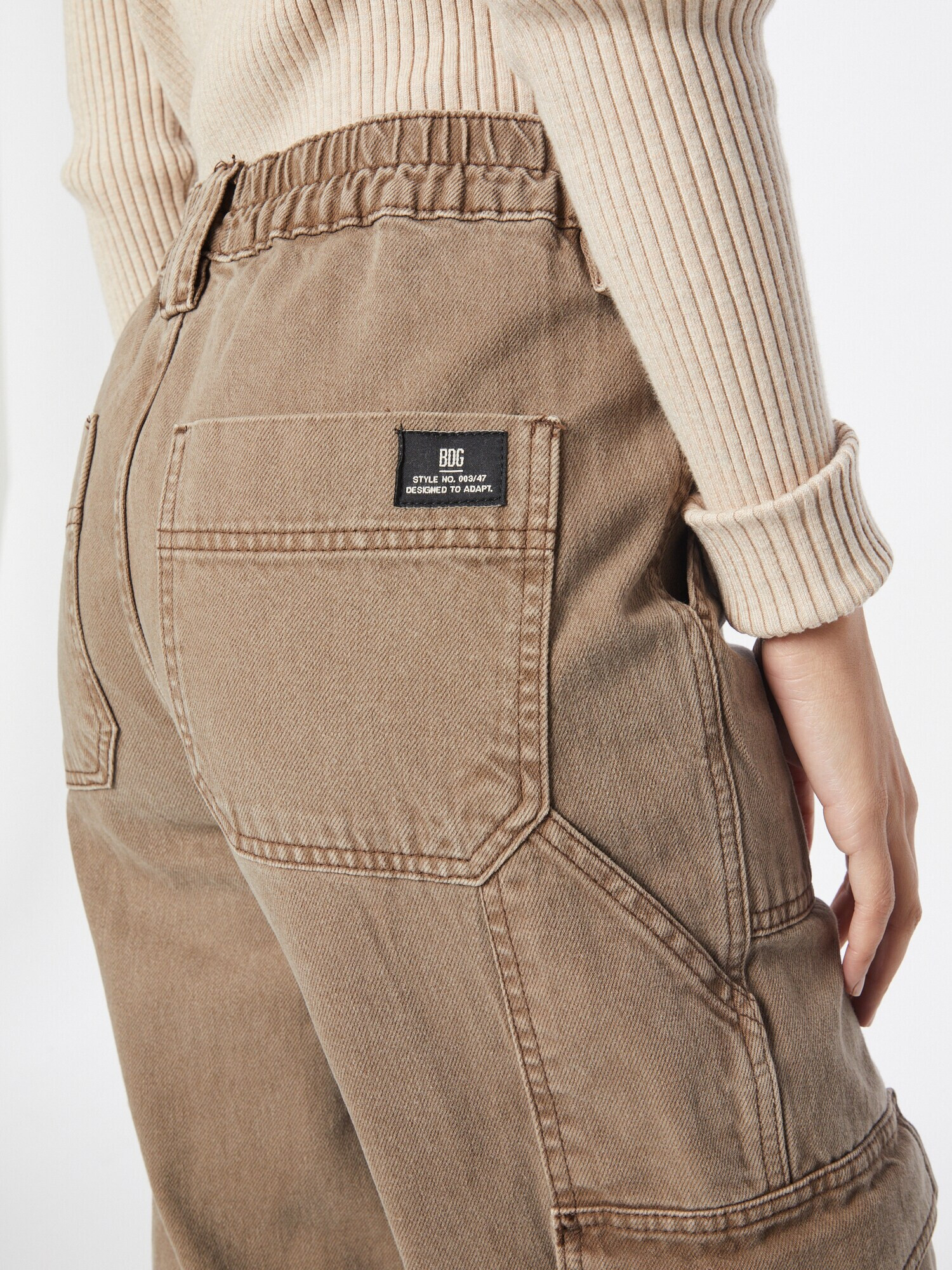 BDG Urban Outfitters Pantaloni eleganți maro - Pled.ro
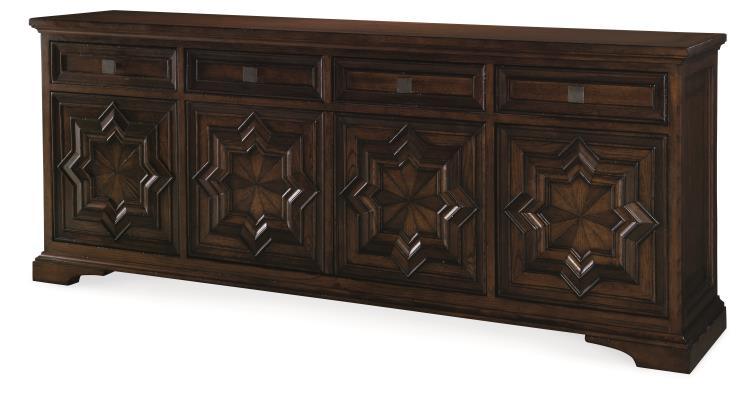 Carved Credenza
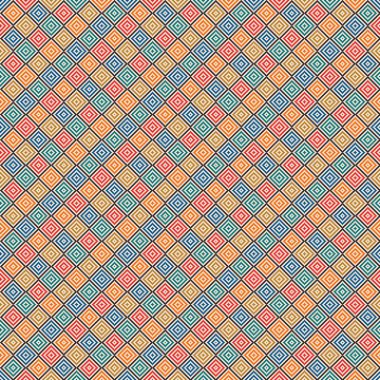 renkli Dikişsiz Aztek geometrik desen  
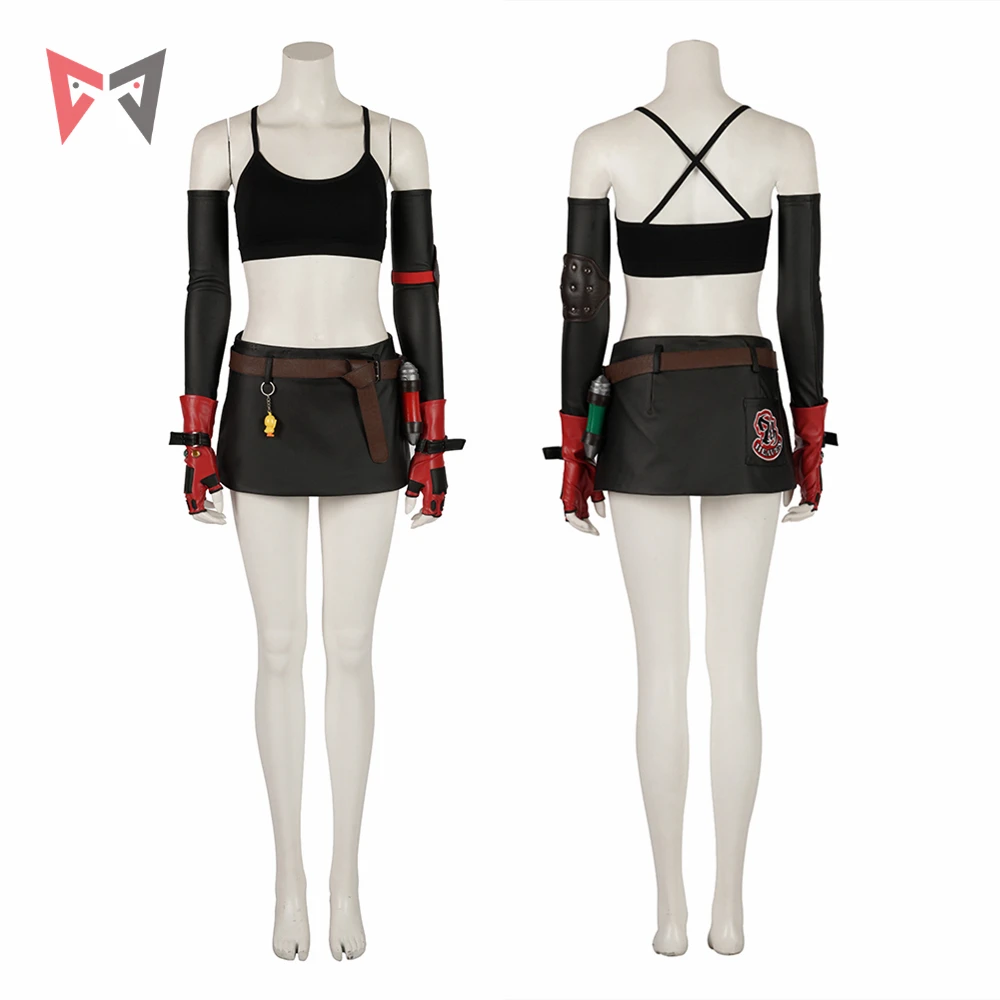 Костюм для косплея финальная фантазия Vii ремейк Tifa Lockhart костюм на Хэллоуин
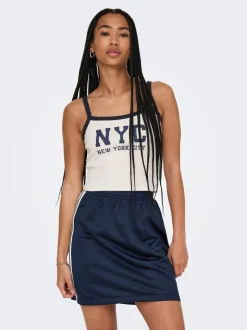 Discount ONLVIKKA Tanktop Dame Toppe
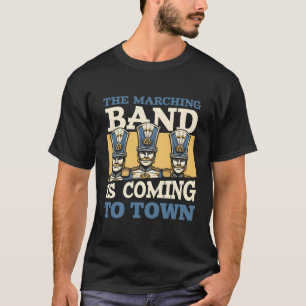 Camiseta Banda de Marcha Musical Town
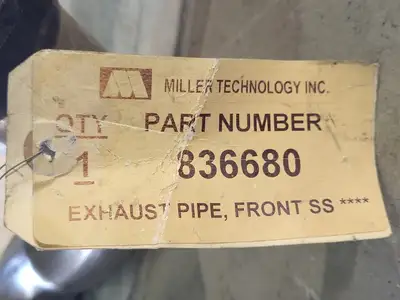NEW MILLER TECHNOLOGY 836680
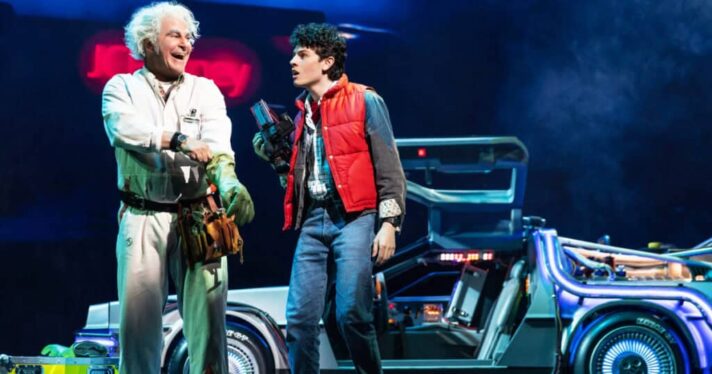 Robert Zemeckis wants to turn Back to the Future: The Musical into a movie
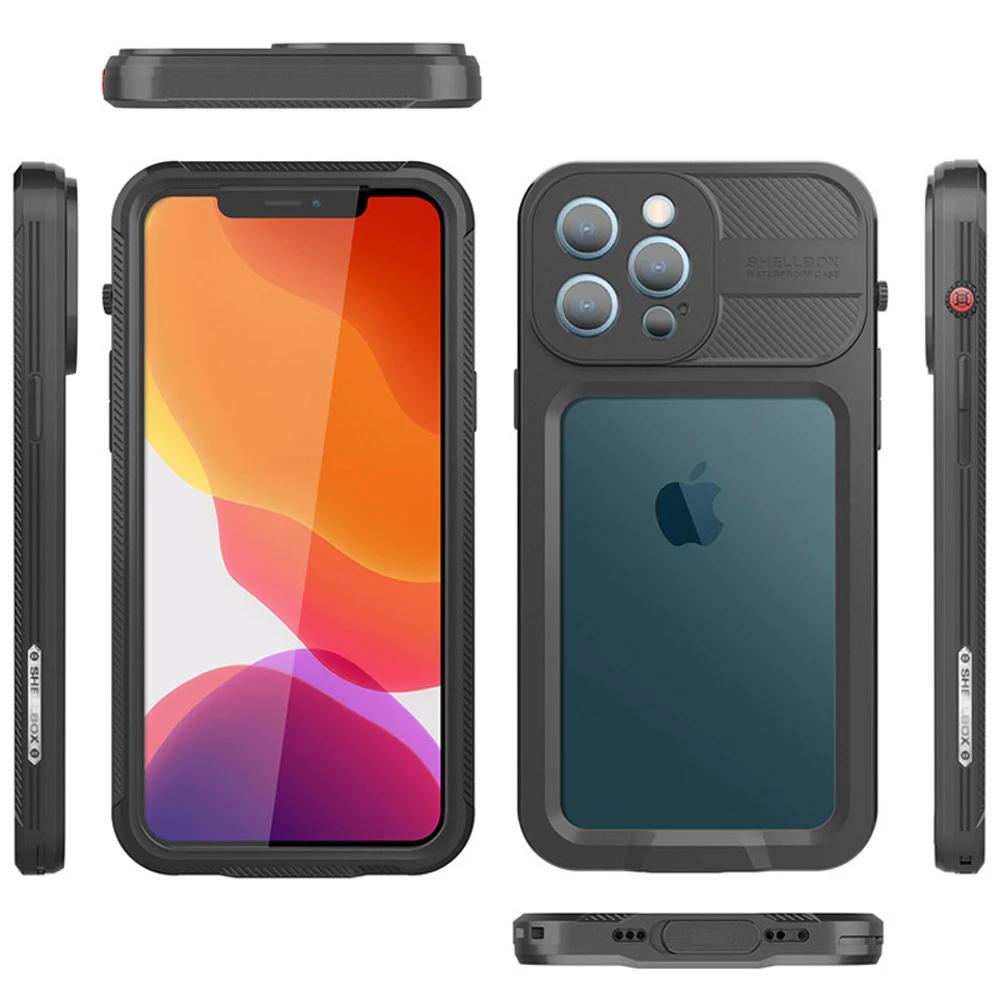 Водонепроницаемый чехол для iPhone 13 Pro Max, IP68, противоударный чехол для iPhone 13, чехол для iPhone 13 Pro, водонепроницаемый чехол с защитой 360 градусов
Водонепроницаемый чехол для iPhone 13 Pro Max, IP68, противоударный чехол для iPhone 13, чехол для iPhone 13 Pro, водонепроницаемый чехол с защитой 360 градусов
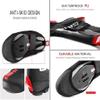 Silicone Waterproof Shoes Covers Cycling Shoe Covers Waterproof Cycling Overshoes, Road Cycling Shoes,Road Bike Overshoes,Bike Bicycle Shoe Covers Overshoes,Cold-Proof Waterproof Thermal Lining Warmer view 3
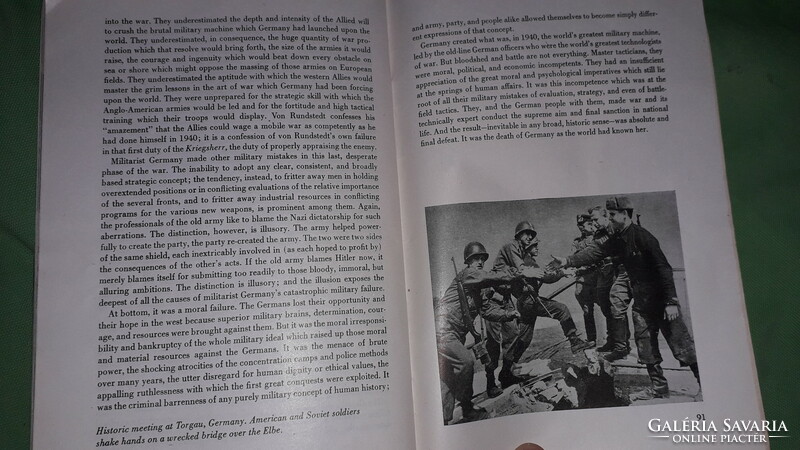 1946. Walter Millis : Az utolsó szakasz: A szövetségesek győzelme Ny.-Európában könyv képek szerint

_WORK REQUEST_
Transcribe all records verbatim, no pictures.

_SOLUTION FOR THIS PROBLEM_
 BDG Urban Outfitters Pantaloni eleganți maro - Pled.ro
 Carved Credenza
 renkli Dikişsiz Aztek geometrik desen  
 Костюм для косплея финальная фантазия Vii ремейк Tifa Lockhart костюм на Хэллоуин
 Discount ONLVIKKA Tanktop Dame Toppe
 Camiseta Banda de Marcha Musical Town
NEW MILLER TECHNOLOGY 836680
 Robert Zemeckis wants to turn Back to the Future: The Musical into a movie
 Водонепроницаемый чехол для iPhone 13 Pro Max, IP68, противоударный чехол для iPhone 13, чехол для iPhone 13 Pro, водонепроницаемый чехол с защитой 360 градусов
Водонепроницаемый чехол для iPhone 13 Pro Max, IP68, противоударный чехол для iPhone 13, чехол для iPhone 13 Pro, водонепроницаемый чехол с защитой 360 градусов
 Silicone Waterproof Shoes Covers Cycling Shoe Covers Waterproof Cycling Overshoes, Road Cycling Shoes,Road Bike Overshoes,Bike Bicycle Shoe Covers Overshoes,Cold-Proof Waterproof Thermal Lining Warmer view 3
 1946. Walter Millis : Az utolsó szakasz: A szövetségesek győzelme Ny.-Európában könyv képek szerint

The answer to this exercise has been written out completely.